Volunteers spent hours walking along the beaches at T-Street, the pier, and Calafia, just to name a few, collecting pieces of trash half-buried in the sand. Items collected included everything from cigarette butts to plastic water bottles, and even a few weird finds, like a toothbrush!
Local beach cleanups are a great way to spread awareness for the importance of taking care of our environment and respecting our beaches. Pollution caused by runoff and littering poses a major threat to marine life and the quality of our beaches. Clubs like Team Zissou and Blue Oceans Club organize regular beach cleanups on a monthly basis to involve students in this environmental endeavor.
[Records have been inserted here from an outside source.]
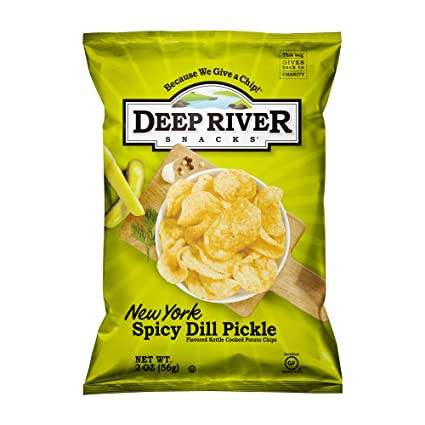 Deep River 2 oz. New York Spicy Dill Pickle Kettle Chips - 24/Case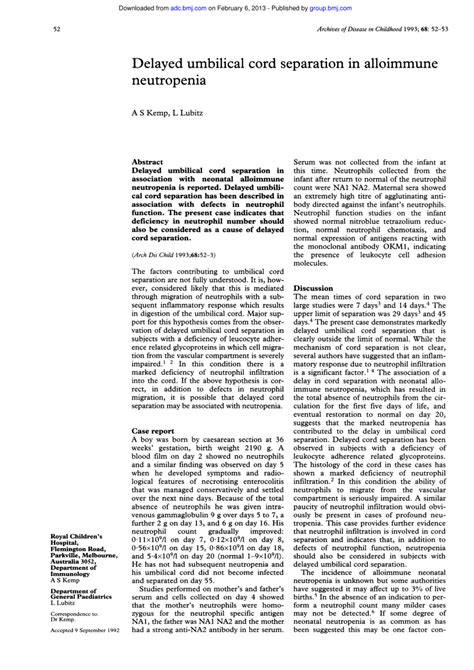 Pdf Delayed Umbilical Cord Separation In Alloimmune Neutropenia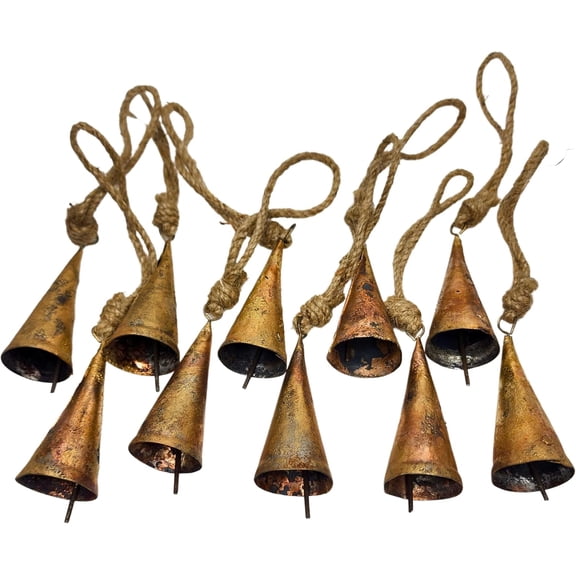 Maritime Treasures 8 cm Big Vintage Rustic Lucky Tin Metal Cow Bells Handmade Christmas Décor Bells on Jute Rope (10 Pieces, Cone)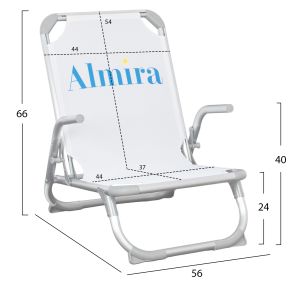 Beach chair Hm5053,03 white aluminum 56x70x66cm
Erika Hunting, senior at SCHS and president of Blue Oceans Club, reflected that “the cleanup was definitely successful. One of the most important things is being able to raise awareness for microplastics on the beach.” Erika was happy to see how many people wanted to come and be apart of the event.
The International Coastal Cleanup Day beach cleanup attracted many volunteers ready to do their part in keeping our beaches clean and beautiful. Among these volunteers were Kiana and Alika Ting, members of Blue Oceans Club. Senior Kiana Ting explained that “as people who live so close to the beach and spend so much time there, we need to pick up after ourselves.” Kiana moved back to San Clemente from Taiwan right before her junior year, where she noted that “whenever [her] family would go to the beach, it was littered with trash. Seeing how they treated their beaches was heartbreaking.” Now, Kiana makes it a priority to preserve our beaches and treasure them for everything that they are.
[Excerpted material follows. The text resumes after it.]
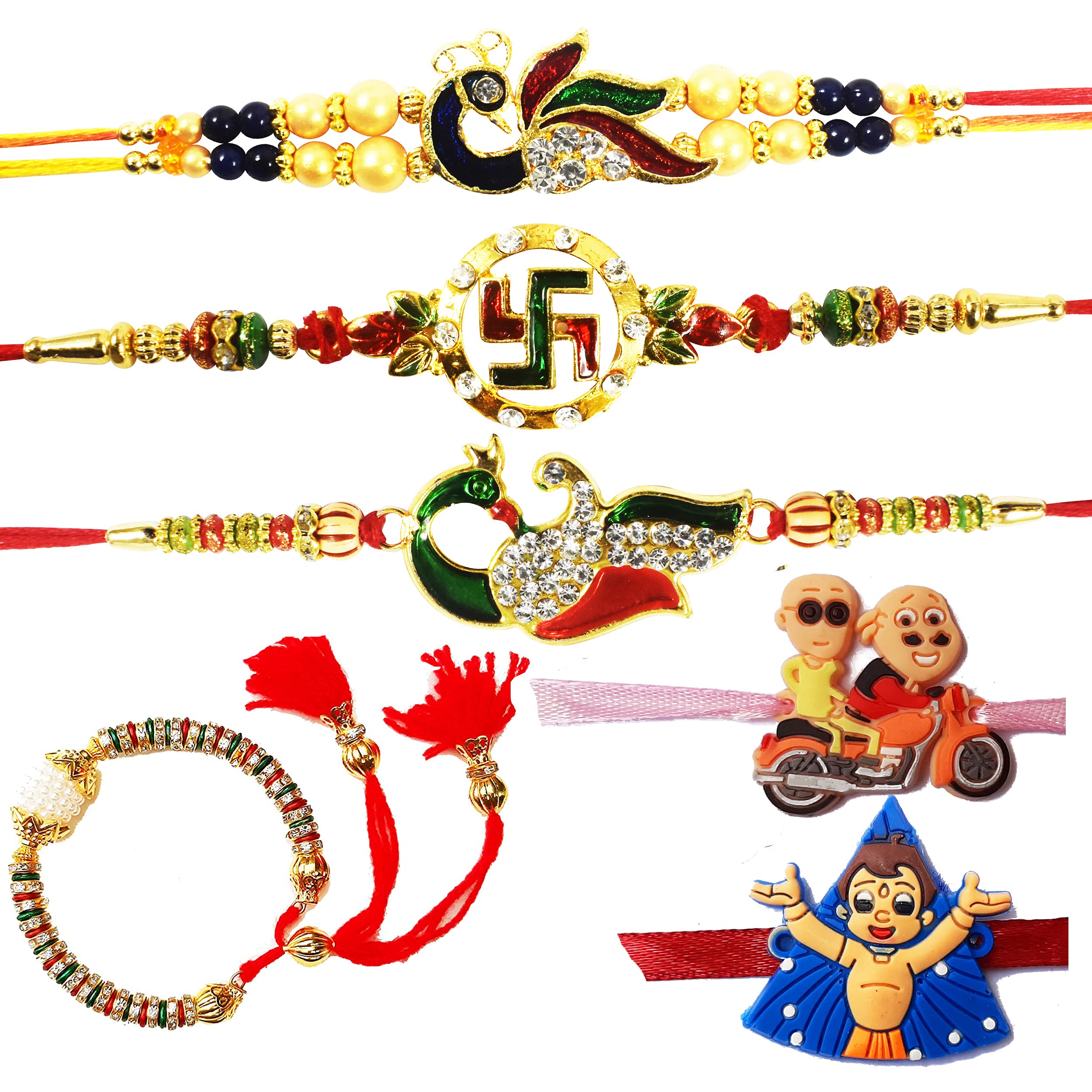 Urvi Creations Mens Family Wristband Bracelet Rakhi (Multicolor) -Combo Set of 3 (B098PDL8D6) Amazon Price History, Amazon Price Tracker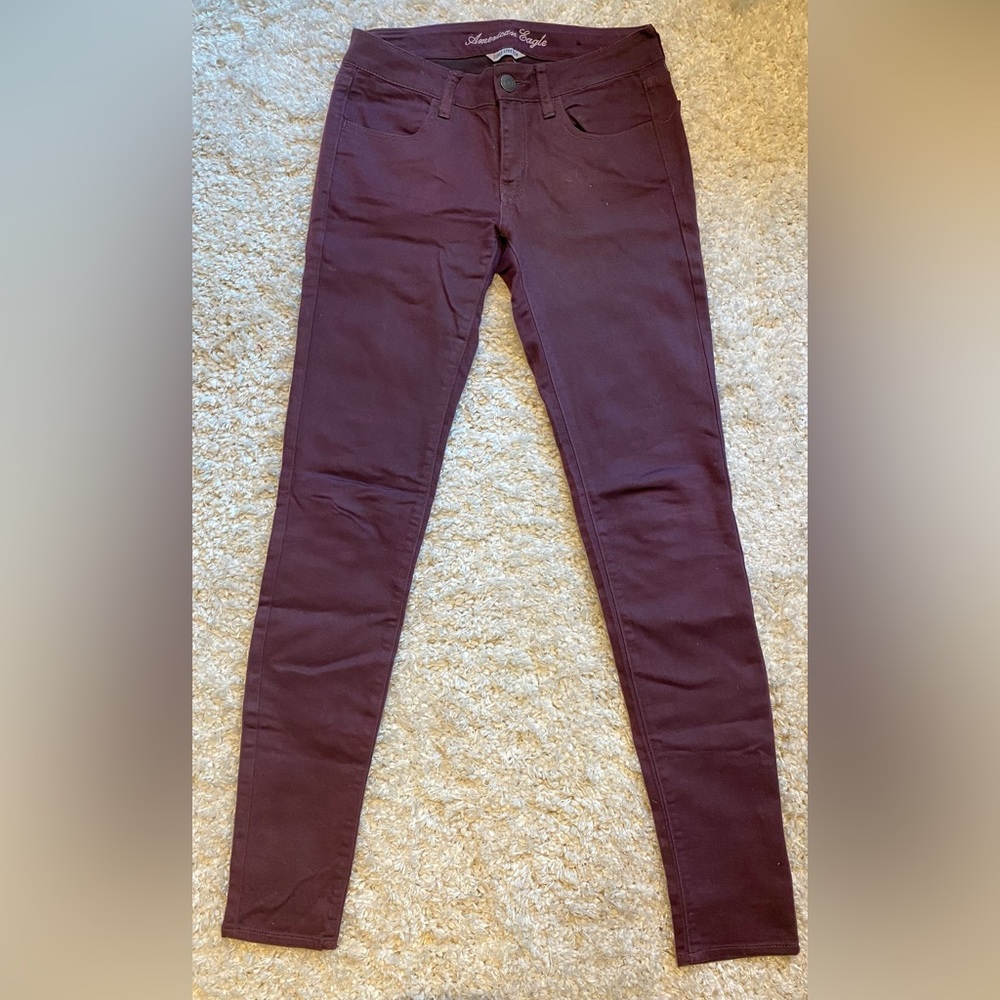 American Eagle Burgundy Jeggings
Jackson Hinkle, Team Zissou president and senior at SCHS, agreed that it was “amazing to see San Clemente youth out there making a difference.”
The smallest pieces of trash, like microplastics and pieces of styrofoam, can pose the biggest threat to marine life. Most of us can agree that beach cleanups are an essential task for any town along the coast. We can all join the effort to protect our oceans and preserve the beauty of our beaches, whether by participating in the next beach cleanup or simply picking up a piece of trash while walking in the sand.